The immense roof creates a very low side wall to the aisle. This is divided into five bays, four containing three equal-height trefoiled windows with shallow buttresses between bays. The second bay from the west is occupied by the porch, of highly original construction. It has a brick plinth with raked timbers rising from it, fitted externally with curved braces supporting the eaves.
The north side, having no aisle, features larger windows of two lights in Geometrical style with cinquefoiled circles in the heads. The west window is also Geometrical with four lights and three six-foiled circles in the tracery. The polygonal apse stands to about one metre high and bears a foundation stone dated 23 May 1870. The chancel arch now stands exposed and has been bricked out.
Internally, walls are of bare red brick. The south side of the nave features a five-bay arcade to the aisle with moulded brick arches and circular piers and capitals of unusual, inventive detail. The arches include an order of bricks with small circular recesses and nicks in the raised portions, with similar but slightly different detail on the capitals. The roof over the nave is canted.
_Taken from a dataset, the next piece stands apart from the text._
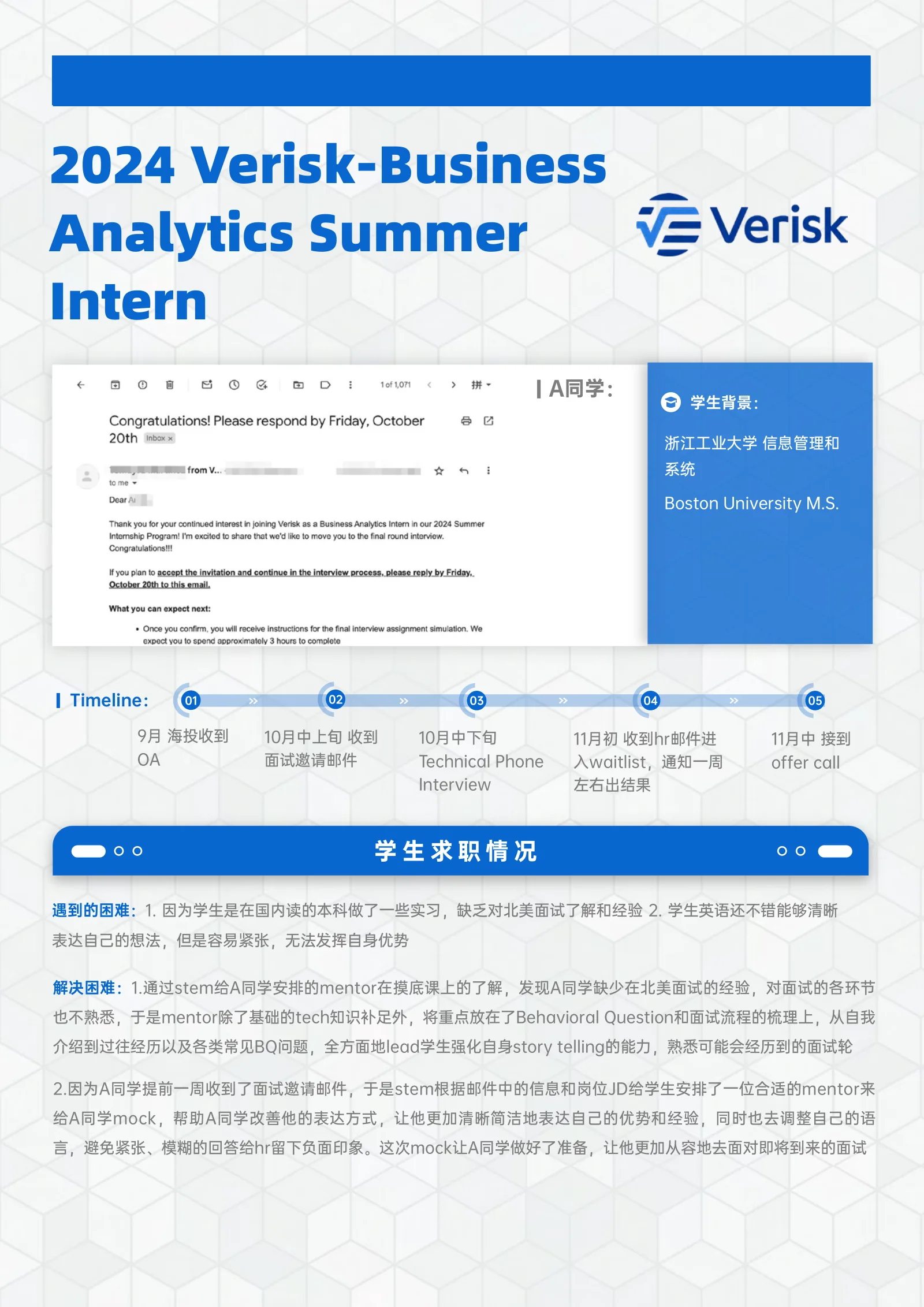 Verisk-Business Analytics Summer Intern 案例展示页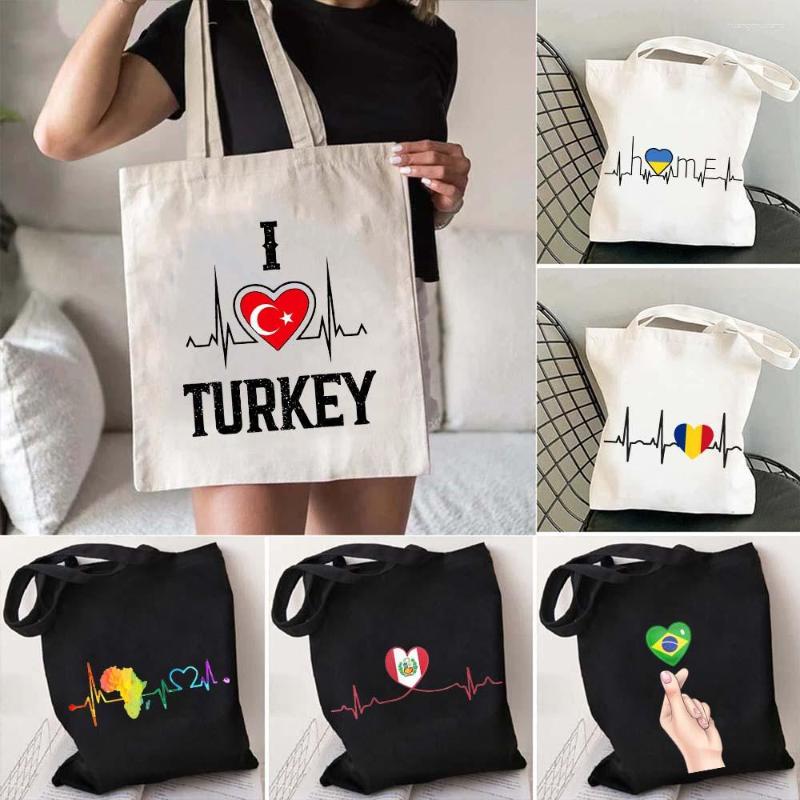 

Evening Bags Ukraine Turkey Albanian Afghanistan Bosnia Germany Canada Romania Heartbeat Flag Shopper Eco Canvas Tote Bag Handbag, 134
The principal furnishings of interest were carved by Colonel Nevill Tufnell of Langleys (a house in Great Waltham) in 1869, in readiness for the new church. The lectern has four standing figures of the Evangelists round the base, figures echoed on the tower. The semi-circular pulpit, which appears to have lost its base, has figure carvings, while stall fronts are fitted with small square panels bearing various motifs. The circular font has a band of overlapping, fluted semi-circular motifs. The open-backed bench seating has ends with a large, sharply inclined chamfer on the east edge.
Copies of Chancellor's drawings for the church, dated February 1870, hang inside. The site, a former osier bed, proved unfortunate in that it led to subsidence at the east end, necessitating rebuilding in 1892–3. Problems resurfaced in the late 20th century, resulting in extensive underpinning work, though the chancel was ultimately demolished in 1984–5.
Frederic Chancellor (1825–1918) was a successful provincial architect based in Chelmsford, where he began independent practice in 1846. He served as mayor of Chelmsford seven times from 1888.